Ich glaube, da musst du mit der letzten Spalte in der Tabelle arbeiten. LED Fehler AI 1,2. Wie auch immer das geht.


----------



## cschum (4 September 2012)

Ja ich muss auf das Status Byte zugreifen.
Nur ich weiß nicht wie.


----------



## Thruser (5 September 2012)

Hallo,

so einfach geht es nicht. Wir haben damals die Aussage vom  Support bekommen, daß man keinen direkten Zugriff von der SPS aus auf  das Statusbyte hat.
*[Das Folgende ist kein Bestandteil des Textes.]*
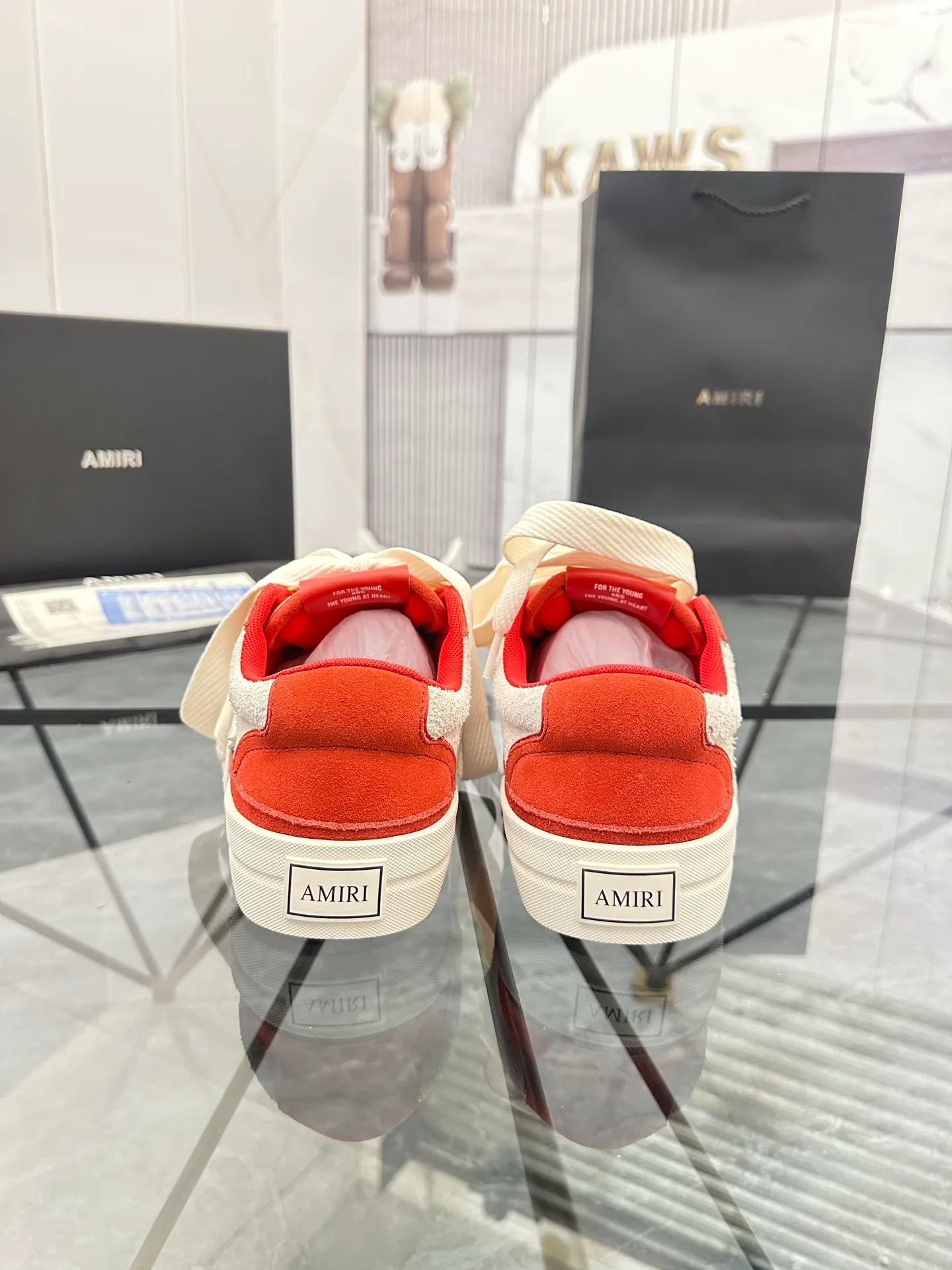 Men's shoes: 💰P600¥ Top quality in Guangzhou Product trademark: AMIRI* "Amir*" low-top casual shoes Regular size: 39-44 (can be customized to 45) Product material: Upper imported first-layer cowhide spliced ​​nubuck leather, breathable lining, original outsole. Number: 525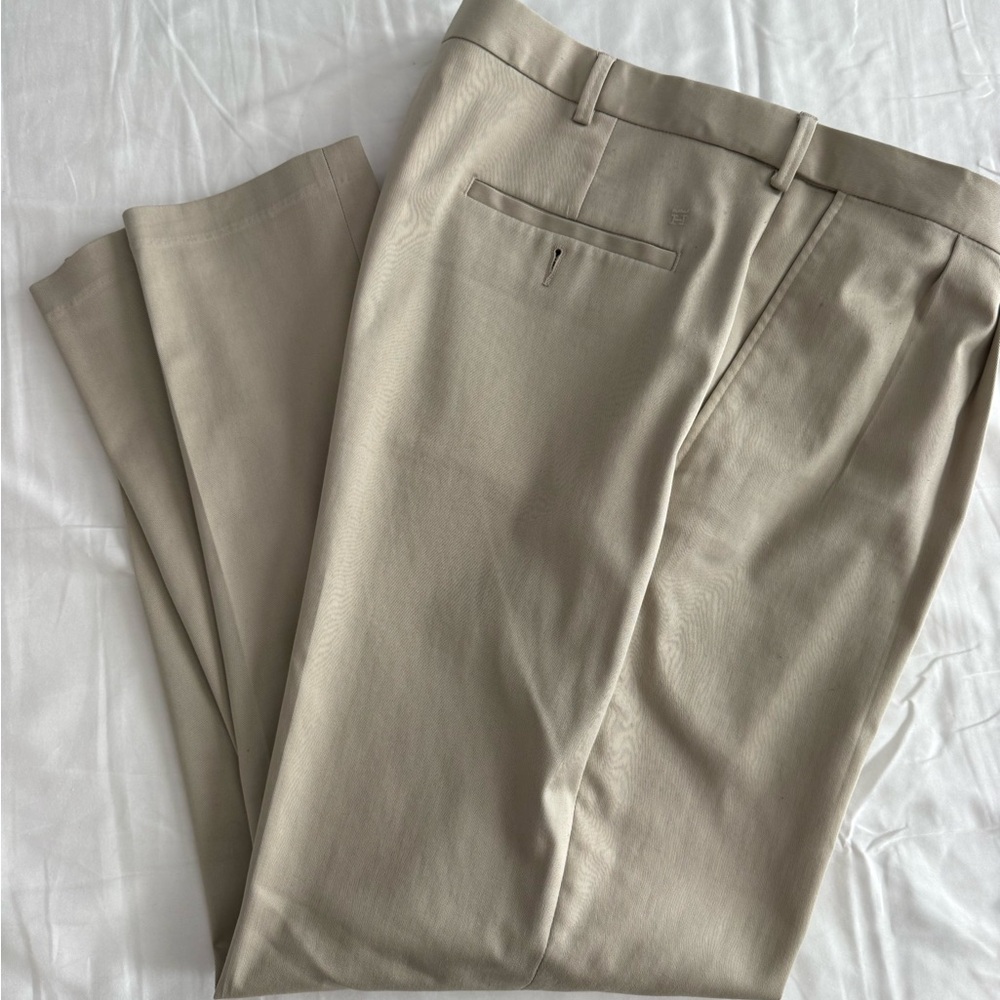 Haggar Men's Khaki Chinos Size 38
Du mußt die Funktion GET_TERMINALDIAG aus der  wagolibterminaldig.lib nehmen. Wenn ich mich richtig erinnere arbeitet  die aber ereignisgesteuert, d.h. Du bekommst eine Meldung wenn der  Fehler gekommen ist und dann erst wieder wenn er gegangen ist. Du mußt  den Fehler zwischenspeichern.

Sonst mal den Wago Support dazu nerven. Ich kann hier auch gerade nichts mehr zu der Lib finden. Die hat nur diese eine Funktion.

Gruß
Thruser


----------